Chris Raines: Yo. How're you doing? I interrupted you with the yo.
Michael Utley: Yeah.
Chris Raines: My apologies.
Michael Utley: Yo to you as well. And yo be with you.
Chris Raines: May the yo be with you.
Michael Utley: Yes. So, today episode 63, what we're going to talk about is cold email dead or just getting started.
Chris Raines: And the answer is it's dead. So that's the end of this podcast.
Michael Utley: Yeah. Hit the timer. Fastest episode ever.
Chris Raines: Thanks for watching.
Michael Utley: Long story short, it's not dead. So if you saw a recent blog post you'll see kind of some good notes on this topic, but yeah, we want to kind of dig into this. There's a real weird thing going on with email right now. And we want to sort of put email into two categories for everybody and talk about how that works.
Michael Utley: We would call one group maybe newsletters or pure opt-in email, and then the other is cold email. So it's sort of like cold calling. We call it cold emailing.
Chris Raines: Yeah. It's the digital version of cold calling.
Michael Utley: Yeah. So Chris, get us started here. What is it? How do you compare the two? What are these two? How are they different?
Chris Raines: Yeah, excuse me. I think you just said it. An opt-in email is something where someone gives express permission to be emailed. So that could either be they opt in on a form on a website, or in the checkout process they check the little button says, yes, I'd love you to send me more emails about deals and sales and stuff. Or it could be, Michael, you were talking about before with your company. If you engage in a sales process, it might be part of the sales process. Like, Hey, we're going to sign you up for emails.

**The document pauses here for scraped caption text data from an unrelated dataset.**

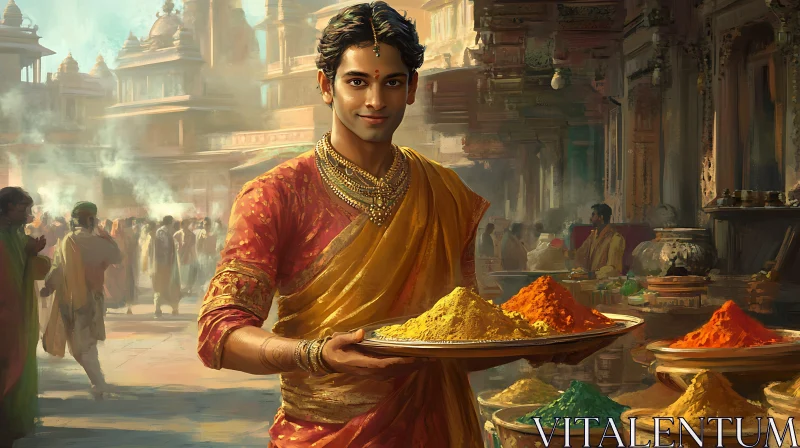 Traditional Indian Market Color Vendor AI Image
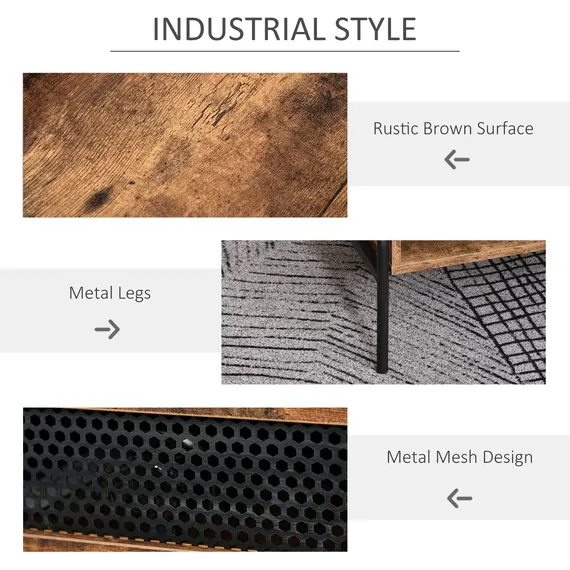 Buy HOMCOM Industrial Coffee Table with Drawer and Open Storage Compartment, Metal Legs, for Living Room, Rustic Brown, 4 image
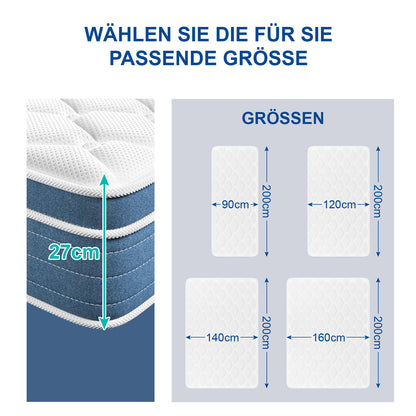 Multilayer Hybrid Queen Mattress - Multiple Sizes & Styles Available Ergonomic Design with Memory Foam and Pocket Spring Medium Firm Feel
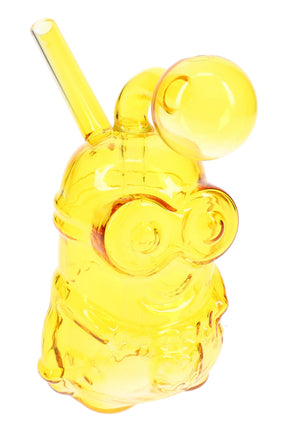 Yellow glass Little Worker oil burner rig with character-style body and bubble chamber, compact 5-inch novelty glass design
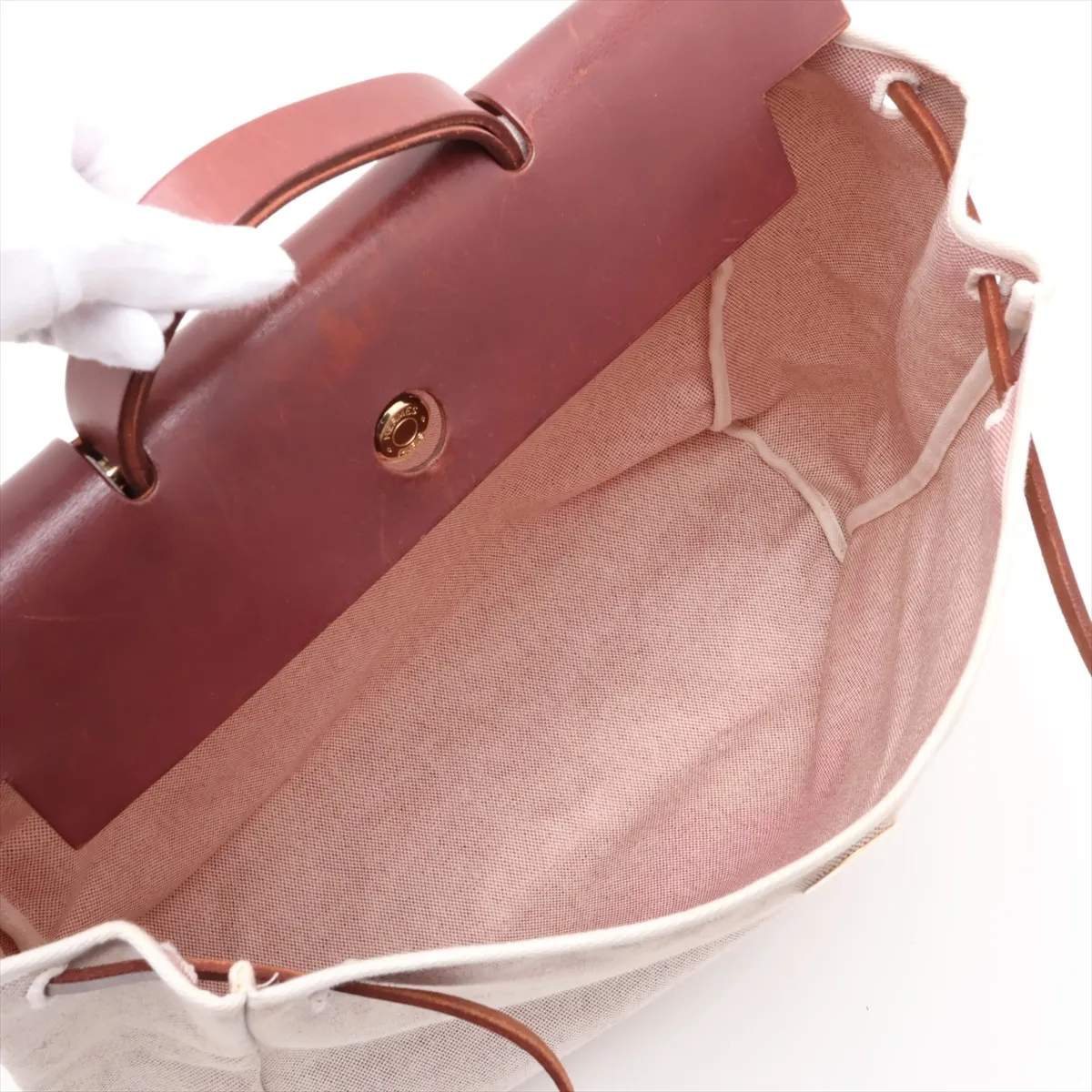 Herbag MM Toile H x Vache Hunter Beige x Brown Gold Hardware E: 2001 Missing stopper — view 7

Michael Utley: Yeah. We do that. When we're talking to somebody, we say, yeah, you know, we'll stay in touch. Part of what you get when you work from us is we'll let you know when new podcast episodes are out. Well, that's an email newsletter.
Chris Raines: Yeah. That's more of like, a personal opt-in. And cold email is exactly kind of what it sounds like. If you go and purchase a list from a broker and you put those into an email system and that person has not taken any action toward you positively to say we want emails from you. So that's what cold email is. So it's basically the digital version of cold calling.
Michael Utley: Yeah.
Chris Raines: When you cold call people, they didn't ask for you to call, but you're calling them anyway. So cold email can be an effective tactic. You have to do it the right way. So that's what we're going to talk about here. But before we talk about that, I throw this to you, Michael, like is kind of a legal question, right? Is it even allowed to buy a list and then email that? So let's talk about that.
Michael Utley: Yeah. Let's talk about that. So next topic here: is it allowed, is cold emailing allowed? A lot of people might remember when the United States Congress passed the CAN-SPAM act.
Chris Raines: A thousand years ago.
Michael Utley: Yeah. And I'm not a naturally sort of cynical person, but I was responsible for implementing CAN-SPAM legislation to a half-billion-dollar company. So I thought through it very carefully and in reality, the CAN-SPAM act did nothing to reduce spam.
Michael Utley: I can articulate very succinctly what it did, but it does not do anything that says you can't email people. So what CAN-SPAM did is it required that anybody sending email do it in relation to a known entity related to a real physical postal address. So that was a very different approach that Congress took than they could have, which would've been to control the sending domain, for example. But they said, Hey, you have to say who you're sending from. And you have to have it associated with a real postal address.
Michael Utley: And then the big one was you have to offer the ability for people to unsubscribe from what they've subscribed to. And what they were really trying to infer there, or get, was that people had to subscribe to email to receive it. But that wasn't really in the law. What was in the law was the requirement of a physical address to be associated with the sender, and the ability to opt out.
Michael Utley: And so that really threw everybody off because people thought that CAN-SPAM was going to can the spam, that it was going to reduce the spam. And it really did nothing. Now they did go after some of the massive senders, but really what ended up happening that changed the consumer experience and really became more effective was that email clients took responsibility for the spam problem. When Google changed their inbox layout to take promotional messages and basically offload those to either a spam folder or a promotional message tag and offer a pre-filtered inbox. That's what changed the massive amount of behavior that was happening out there.
Michael Utley: Now, there was also at that time some federal prosecution of sort of the most notorious spammers, but those were all prosecuted based on criminal and fraudulent behavior in the emails, not actually the act of emailing. So what this did is it kind of threw people off the scent of using cold email for, I don't know, 10 years. But then everybody said, oh, you know, why don't we just take personal emails and streamline that and make it scalable. And so that's really what cold email is. It's like a cold call.
Michael Utley: The problem with emails is that it's so easy and cheap to send millions of them. The good thing about email is it's so easy and cheap to send millions of them. And so the recommendations we have and the way we think about it is to move way down that spectrum toward it being a personal email and away from the cheap and easy to send millions. So that's kind of what we're getting into today. But is cold emailing legal? A hundred percent.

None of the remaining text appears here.